# Task to complete:
From the entries below, please output exactly the lines starting at the one containing "Study for an" and ending at the one containing "Cubcoats Kid Size", both included.

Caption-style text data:
■ ■ ■ ■ ■
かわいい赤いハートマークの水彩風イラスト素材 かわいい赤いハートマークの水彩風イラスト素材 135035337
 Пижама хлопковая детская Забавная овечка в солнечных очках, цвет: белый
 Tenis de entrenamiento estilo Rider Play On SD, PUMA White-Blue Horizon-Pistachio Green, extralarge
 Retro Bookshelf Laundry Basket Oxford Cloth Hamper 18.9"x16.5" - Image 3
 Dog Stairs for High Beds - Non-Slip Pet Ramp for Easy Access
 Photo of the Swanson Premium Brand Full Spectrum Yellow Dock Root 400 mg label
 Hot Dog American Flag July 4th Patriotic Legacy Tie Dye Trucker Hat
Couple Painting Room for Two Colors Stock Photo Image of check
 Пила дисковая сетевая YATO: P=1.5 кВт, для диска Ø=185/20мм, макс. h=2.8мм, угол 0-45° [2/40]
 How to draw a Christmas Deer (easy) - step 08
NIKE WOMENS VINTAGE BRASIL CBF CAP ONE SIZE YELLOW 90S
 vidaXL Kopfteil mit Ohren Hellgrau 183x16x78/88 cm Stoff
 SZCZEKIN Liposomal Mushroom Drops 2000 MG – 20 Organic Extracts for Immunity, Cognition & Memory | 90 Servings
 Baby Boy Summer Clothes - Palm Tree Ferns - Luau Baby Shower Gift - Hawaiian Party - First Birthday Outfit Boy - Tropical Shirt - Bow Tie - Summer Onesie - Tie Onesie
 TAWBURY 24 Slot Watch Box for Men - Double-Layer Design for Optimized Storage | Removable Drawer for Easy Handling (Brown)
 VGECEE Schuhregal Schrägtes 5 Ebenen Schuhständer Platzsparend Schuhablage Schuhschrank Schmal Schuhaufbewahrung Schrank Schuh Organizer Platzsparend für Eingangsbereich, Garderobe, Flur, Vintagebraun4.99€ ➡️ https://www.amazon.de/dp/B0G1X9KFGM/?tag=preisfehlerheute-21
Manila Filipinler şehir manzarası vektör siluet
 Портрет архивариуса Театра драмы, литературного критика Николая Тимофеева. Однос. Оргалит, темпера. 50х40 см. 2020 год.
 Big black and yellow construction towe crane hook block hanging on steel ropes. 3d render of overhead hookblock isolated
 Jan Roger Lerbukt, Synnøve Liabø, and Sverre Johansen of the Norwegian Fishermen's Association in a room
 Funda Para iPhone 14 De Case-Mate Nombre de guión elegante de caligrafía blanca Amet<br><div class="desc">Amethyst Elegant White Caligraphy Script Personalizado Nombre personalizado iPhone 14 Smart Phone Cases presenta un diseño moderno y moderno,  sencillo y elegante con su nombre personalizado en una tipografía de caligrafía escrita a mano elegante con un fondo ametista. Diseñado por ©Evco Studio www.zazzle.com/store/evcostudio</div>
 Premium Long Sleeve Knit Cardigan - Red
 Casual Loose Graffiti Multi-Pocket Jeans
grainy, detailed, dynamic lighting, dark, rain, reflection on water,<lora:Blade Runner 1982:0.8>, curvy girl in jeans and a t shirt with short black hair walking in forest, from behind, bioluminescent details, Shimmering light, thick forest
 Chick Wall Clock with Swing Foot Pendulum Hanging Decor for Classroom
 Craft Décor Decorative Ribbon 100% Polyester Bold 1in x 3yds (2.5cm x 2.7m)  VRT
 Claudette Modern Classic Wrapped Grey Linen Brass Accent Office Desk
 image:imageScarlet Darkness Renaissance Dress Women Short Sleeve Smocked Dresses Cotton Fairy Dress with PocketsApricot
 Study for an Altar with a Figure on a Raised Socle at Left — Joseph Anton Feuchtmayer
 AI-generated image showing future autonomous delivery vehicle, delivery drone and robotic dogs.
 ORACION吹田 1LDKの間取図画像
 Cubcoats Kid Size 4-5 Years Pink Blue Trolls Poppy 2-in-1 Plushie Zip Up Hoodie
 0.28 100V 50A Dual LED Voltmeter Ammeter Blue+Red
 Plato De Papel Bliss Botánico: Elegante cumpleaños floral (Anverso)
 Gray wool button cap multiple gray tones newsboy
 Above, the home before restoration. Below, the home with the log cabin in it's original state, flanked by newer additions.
■ ■ ■ ■ ■
# Task result:
 Study for an Altar with a Figure on a Raised Socle at Left — Joseph Anton Feuchtmayer
 AI-generated image showing future autonomous delivery vehicle, delivery drone and robotic dogs.
 ORACION吹田 1LDKの間取図画像
 Cubcoats Kid Size 4-5 Years Pink Blue Trolls Poppy 2-in-1 Plushie Zip Up Hoodie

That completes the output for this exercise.